Estava eu a enxugar-me, acabadinho de sair do banho, e ouço "In penny lane there is a barber showing photographs / Of every head he’s had the pleasure to know / And all the people that come and go / Stop and say hello" e começo a sorrir. Era a nostalgia a tocar-me na profundeza, sendo que, à hora de acordar, as profundezas ficam muito mais à flor da pele.
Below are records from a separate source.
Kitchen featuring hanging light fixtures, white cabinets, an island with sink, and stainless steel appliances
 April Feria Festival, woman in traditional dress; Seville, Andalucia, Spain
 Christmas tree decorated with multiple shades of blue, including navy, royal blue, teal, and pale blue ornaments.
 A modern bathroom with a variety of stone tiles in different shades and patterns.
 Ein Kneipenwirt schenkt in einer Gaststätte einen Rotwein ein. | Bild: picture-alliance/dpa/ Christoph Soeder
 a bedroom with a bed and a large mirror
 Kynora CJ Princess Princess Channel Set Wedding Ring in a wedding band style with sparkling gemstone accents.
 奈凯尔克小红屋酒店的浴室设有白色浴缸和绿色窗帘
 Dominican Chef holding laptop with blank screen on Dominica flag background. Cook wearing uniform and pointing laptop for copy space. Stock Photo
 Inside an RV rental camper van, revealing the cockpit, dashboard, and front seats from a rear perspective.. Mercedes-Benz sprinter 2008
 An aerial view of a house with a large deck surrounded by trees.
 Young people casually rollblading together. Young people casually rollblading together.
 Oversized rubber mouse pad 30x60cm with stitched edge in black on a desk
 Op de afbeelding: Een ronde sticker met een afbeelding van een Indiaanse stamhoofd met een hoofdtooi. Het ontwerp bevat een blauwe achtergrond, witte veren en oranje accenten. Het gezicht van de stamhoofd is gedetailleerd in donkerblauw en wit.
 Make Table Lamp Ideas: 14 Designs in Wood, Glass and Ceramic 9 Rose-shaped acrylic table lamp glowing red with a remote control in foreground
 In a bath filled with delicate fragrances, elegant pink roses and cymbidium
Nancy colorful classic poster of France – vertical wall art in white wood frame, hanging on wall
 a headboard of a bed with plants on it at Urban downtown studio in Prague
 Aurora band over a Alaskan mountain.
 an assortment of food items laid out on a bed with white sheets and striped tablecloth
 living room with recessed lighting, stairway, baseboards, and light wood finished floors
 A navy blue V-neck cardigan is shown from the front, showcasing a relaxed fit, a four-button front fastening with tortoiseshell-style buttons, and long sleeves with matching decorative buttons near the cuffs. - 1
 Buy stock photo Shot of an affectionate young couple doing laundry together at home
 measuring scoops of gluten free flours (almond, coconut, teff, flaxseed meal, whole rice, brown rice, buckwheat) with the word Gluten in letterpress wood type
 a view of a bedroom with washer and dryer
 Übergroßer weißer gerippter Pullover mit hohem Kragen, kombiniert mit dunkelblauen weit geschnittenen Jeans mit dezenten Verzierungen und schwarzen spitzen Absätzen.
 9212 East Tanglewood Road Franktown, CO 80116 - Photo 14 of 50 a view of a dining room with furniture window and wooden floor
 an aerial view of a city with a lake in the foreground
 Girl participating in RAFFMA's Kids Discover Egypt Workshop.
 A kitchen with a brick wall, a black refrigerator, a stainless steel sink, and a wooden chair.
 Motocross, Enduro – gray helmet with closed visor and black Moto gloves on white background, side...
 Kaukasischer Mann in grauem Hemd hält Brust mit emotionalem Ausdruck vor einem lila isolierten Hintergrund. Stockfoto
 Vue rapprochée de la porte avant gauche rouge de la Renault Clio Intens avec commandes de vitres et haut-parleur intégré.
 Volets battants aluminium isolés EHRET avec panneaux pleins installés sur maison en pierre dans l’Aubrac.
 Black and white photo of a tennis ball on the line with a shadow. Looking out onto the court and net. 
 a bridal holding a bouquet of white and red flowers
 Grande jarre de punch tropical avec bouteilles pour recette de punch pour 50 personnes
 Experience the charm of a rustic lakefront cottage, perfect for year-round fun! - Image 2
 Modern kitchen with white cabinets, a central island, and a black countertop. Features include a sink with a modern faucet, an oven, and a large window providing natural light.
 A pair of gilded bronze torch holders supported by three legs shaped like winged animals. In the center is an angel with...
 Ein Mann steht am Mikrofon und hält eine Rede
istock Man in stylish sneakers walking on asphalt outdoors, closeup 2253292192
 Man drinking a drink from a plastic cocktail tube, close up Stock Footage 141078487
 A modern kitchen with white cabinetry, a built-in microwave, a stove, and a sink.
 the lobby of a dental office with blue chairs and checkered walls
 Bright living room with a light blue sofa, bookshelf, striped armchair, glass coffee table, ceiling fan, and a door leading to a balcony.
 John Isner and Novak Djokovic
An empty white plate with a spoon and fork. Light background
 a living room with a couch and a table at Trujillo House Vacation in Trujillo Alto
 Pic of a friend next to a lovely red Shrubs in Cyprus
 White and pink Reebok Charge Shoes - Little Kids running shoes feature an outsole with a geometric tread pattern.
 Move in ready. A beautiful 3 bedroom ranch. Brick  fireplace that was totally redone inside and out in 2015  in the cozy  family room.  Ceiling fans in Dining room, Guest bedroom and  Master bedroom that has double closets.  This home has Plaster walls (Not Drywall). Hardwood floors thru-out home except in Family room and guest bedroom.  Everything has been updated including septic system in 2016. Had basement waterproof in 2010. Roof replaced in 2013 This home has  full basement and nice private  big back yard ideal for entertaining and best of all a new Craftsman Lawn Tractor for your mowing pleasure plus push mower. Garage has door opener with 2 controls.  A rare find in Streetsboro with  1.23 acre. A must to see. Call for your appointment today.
De nostalgia em nostalgia, o meu pensamento vagueante desembocou numa ideia de cristal quebradiço: daqui a uns aninhos temos os temas do Unplugged de Nirvana a passar no RCP. Constrangedor e duplamente preocupante. Cheguei-me ao espelho e verifiquei - calma, Guitarrista, ainda não tens rugas. O pensamento, que no meio do vapor do banho se torna mais escorregadio e difícil de controlar, assaltar-me-ia, em seguida, de forma ainda mais profunda: eu próprio, no tempo em que os Nirvana ainda eram, digamos assim, "contemporâneos".
Daí até à mais mítica das bandas punk-new-age-grunge-garage-alternativo-underground, foi um saltinho...
Há muito, muito tempo, numa terra distante, havia um grupo chamado Shave. Não haverá muito a acrescentar a partir daqui, a não ser que nos tornámos realmente num micro-mito da sub-cultura underground de um enclave estacionado e estagnado entre a província e o subúrbio. Para a história ficam Slut, Shirky, Underground Lover ou Blond Girl, temas que adivinhavam um futuro remediado ao compositor, um baterista prodígio, um baixista sempre bem-disposto e dois guitarristas que eram mais amigos que músicos. Memorável ainda um certo concerto na C+S local, com o palco em cima de umas mesas cujos tampos escorregavam como gelo. Um amplificador de baixo a prender a bateria para que esta não avançasse sobre o palco... até que descobrimos que o amplificador tinha rodinhas... Um encore praticamente infinito e o final da banda passado pouco tempo. Ficou a lenda.